Kell am See · Der Verbandsgemeinderat Kell am See hat in der Diskussion um mögliche Windkraftflächen ein klares Zeichen gesetzt: Eine deutliche Mehrheit will Standorte in der Naturpark-Kernzone ausschließen. Etwas paradox: Weil zum jetzigen Verfahrenszeitpunkt keine Fläche gestrichen werden darf, sind Teufelskopf, Zerfer Wald und Keller Gebrüch trotzdem weiter im Rennen.

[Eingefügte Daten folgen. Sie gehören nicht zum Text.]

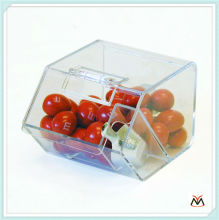 clear acrylic candy box,acrylic candy dispenser with scoop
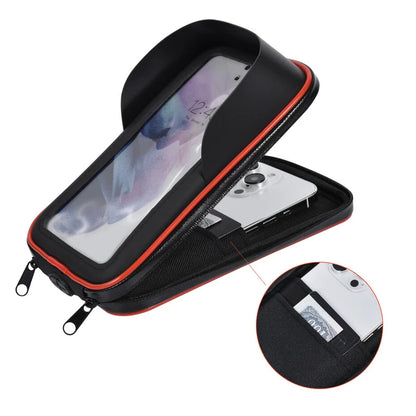 UNIQ Accessory Weatherproof Bicycle Holder - 360 degree rotatable - Red line - Black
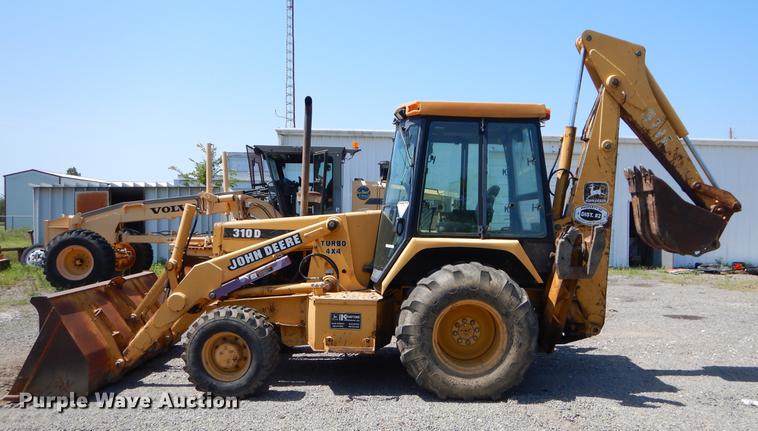 image for item EK9636 1995 Deere 310D backhoe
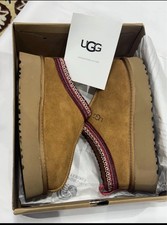 Uggs Tazz Chestnut Platform Slipper Size 5 Women’s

Kell am See. Fünf Standorte könnten derzeit im neuen Flächennutzungsplan (FNP) der Verbandsgemeinde (VG) Kell am See zu Windkraftgebieten erklärt werden: bei Mandern/K68, bei Kell/B407, bei Waldweiler am Teufelskopf, im Zerfer Wald und am Keller Gebrüch. Die drei letztgenannten liegen in der Kernzone des Naturparks Saar-Hunsrück. Gegen Windräder dort hat der VG-Rat - nach einem CDU-Antrag - jetzt ein klares Zeichen gesetzt: Eine deutliche Mehrheit (14 Ja-, sechs Nein-Stimmen, drei Enthaltungen) sprach sich dafür aus, die Lage eines Standorts in der Kernzone als Ausschlusskriterium zu bewerten.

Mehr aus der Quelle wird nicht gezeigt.